Home Info Newsroom CFPB Cracks Down on Subscription Fees

CFPB Cracks Down on Subscription Fees

Authored By: Lewis Wood on 1/20/2023

Source: S&P Global Markt Intelligence

The Consumer Financial Protection Bureau on Jan. 19 told companies they need to "clearly and conspicuously" disclose terms of subscription services that automatically renew or those with recurring fees—a move that could have a significant impact on banks and financial services companies.

The CFPB issued a circular targeting "negative option" subscription services that automatically renew unless the consumer affirmatively cancels. The guidance also includes trial marketing programs that charge a reduced fee for an initial period and then automatically begin charging a higher fee.

"Companies risk violating the law if they do not clearly and conspicuously disclose the terms of their subscription services and obtain consumers' informed consent, or if they make it unreasonably difficult for consumers to cancel," the CFPB said in a news release.

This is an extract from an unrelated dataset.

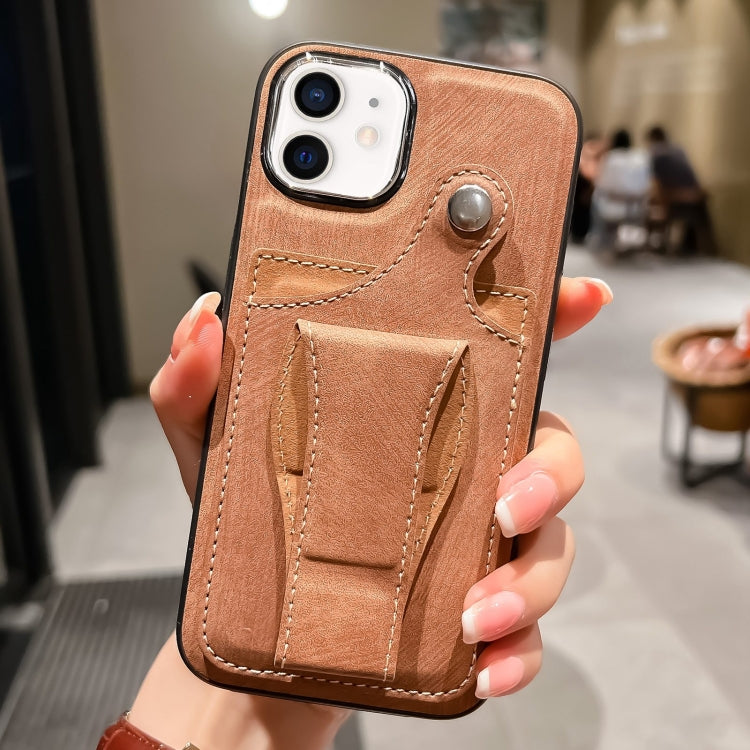Side Leather Rotation Card Holder Phone Case, For iPhone 12 Pro, For iPhone 12, For iPhone 11 Pro Max, For iPhone 11 Pro, For iPhone 11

The agency indicated concern about practices at banks and financial services companies by referring to previous legal action against TransUnion for deceptive marketing and against payment platform ACTIVE Network.

Attorneys said the circular could have a big impact on the financial community.

"'Negative option' subscription programs, such as automatic renewal plans, continuity plans, or trial marketing plans, are common across the market, including in the market for consumer financial products and services, and such programs can take a variety of forms," Eamonn Moran, senior counsel at Norton Rose Fulbright, said in written comments.

James Kim, a partner at Troutman Pepper who formerly worked on enforcement matters at the consumer watchdog, said the circular "signals that the CFPB will look at these issues during examinations of banks and other companies" under the agency's supervisory authority. He noted that while the Federal Trade Commission has been "leading the charge" on negative options and recurring fees, the CFPB adds to that analysis by saying companies must comply with the "abusive" prong of the prohibition against unfair, deceptive or abusive acts or practices.